Good article. Well, I guess I'm not going to give up just because it will be hard, so...
I think you've missed the
point. It's not about the difficulty of getting into a good school or the odds of getting a job later. None of that matters. Back to my age old rant... Unlike other careers paths, real world work is just as important,
if not more important, than a degree.
Who you have met and impressed with your hard work (or don't impress) will change your life. Having a degree just puts your resume in a stack with everyone else. Theater is a very small world. Meeting people, impressing people, making friendships, proving you are a skilled hard worker, can often add up to a better path to a career than any degree.
I have a bunch of friends here on CB who have these amazing "tech theater dream jobs" at places they aren't allowed to talk about.
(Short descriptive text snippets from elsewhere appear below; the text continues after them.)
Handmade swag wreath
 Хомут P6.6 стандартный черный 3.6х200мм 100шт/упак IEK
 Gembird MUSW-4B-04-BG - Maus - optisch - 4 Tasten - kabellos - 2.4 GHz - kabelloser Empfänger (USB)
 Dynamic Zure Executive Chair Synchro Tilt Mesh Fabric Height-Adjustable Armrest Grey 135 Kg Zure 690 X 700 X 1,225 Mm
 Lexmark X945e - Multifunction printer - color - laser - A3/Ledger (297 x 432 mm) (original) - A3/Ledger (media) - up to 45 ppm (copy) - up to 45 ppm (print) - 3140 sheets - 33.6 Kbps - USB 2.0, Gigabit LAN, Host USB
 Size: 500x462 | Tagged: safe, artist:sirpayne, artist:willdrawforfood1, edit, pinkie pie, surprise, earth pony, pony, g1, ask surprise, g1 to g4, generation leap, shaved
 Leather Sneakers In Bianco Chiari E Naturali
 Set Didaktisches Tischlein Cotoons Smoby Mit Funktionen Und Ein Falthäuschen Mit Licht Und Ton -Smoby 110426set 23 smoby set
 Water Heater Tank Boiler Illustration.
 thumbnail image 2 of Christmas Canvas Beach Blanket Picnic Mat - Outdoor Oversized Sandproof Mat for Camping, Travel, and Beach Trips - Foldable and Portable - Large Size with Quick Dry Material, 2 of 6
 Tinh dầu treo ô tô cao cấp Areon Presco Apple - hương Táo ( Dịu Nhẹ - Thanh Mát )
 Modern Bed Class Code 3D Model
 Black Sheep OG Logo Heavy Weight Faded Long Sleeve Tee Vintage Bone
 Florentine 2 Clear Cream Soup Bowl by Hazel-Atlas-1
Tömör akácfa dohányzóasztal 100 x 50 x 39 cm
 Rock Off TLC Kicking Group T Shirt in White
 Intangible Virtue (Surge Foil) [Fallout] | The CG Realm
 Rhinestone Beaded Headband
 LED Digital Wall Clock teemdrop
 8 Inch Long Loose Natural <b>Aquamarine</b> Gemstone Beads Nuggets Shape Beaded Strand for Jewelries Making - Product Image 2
All of them will tell you (if they were allowed to discuss it) they got their job because of their hard work and a strange set of circumstances that just
led them from one path to the next, eventually opening doors to a career. NONE OF THEM got the job because they got an MFA and applied for a job with their golden ticket degree. This isn't engineering or computer science. Your high school guidance counselor is wrong. Hard work and real world proving yourself are often considered more valuable than a framed piece of paper.
My advice is get the most education you can actually afford. A degree that gives you the widest
base of training in lighting, sound, carpentry, and video if possible. If you can afford a fancy school great. If you can only afford a state school, pick a good one and don't worry about it. If you are skilled and work hard, 5 years from now, no one will care where you went to college.
DON'T go thousands of dollars into debt going to a fancy private school for an MFA. After you graduate, it'll be years until you actually make real money in this field. Unless your family has a lot of money to support you, the expensive loan route is pretty much the way to guarantee you'll never work in theater... because you'll have to go into another field to pay your bills long before you get real paying work.
Again I can't stress enough. 5 years after graduation no one will care if you got an MFA at Yale or a B.A. at University of Southern Nowhere. What will be important 5 years after graduation is who you impressed as part time resident
lighting designer for the Eastern Nowhere Community Players.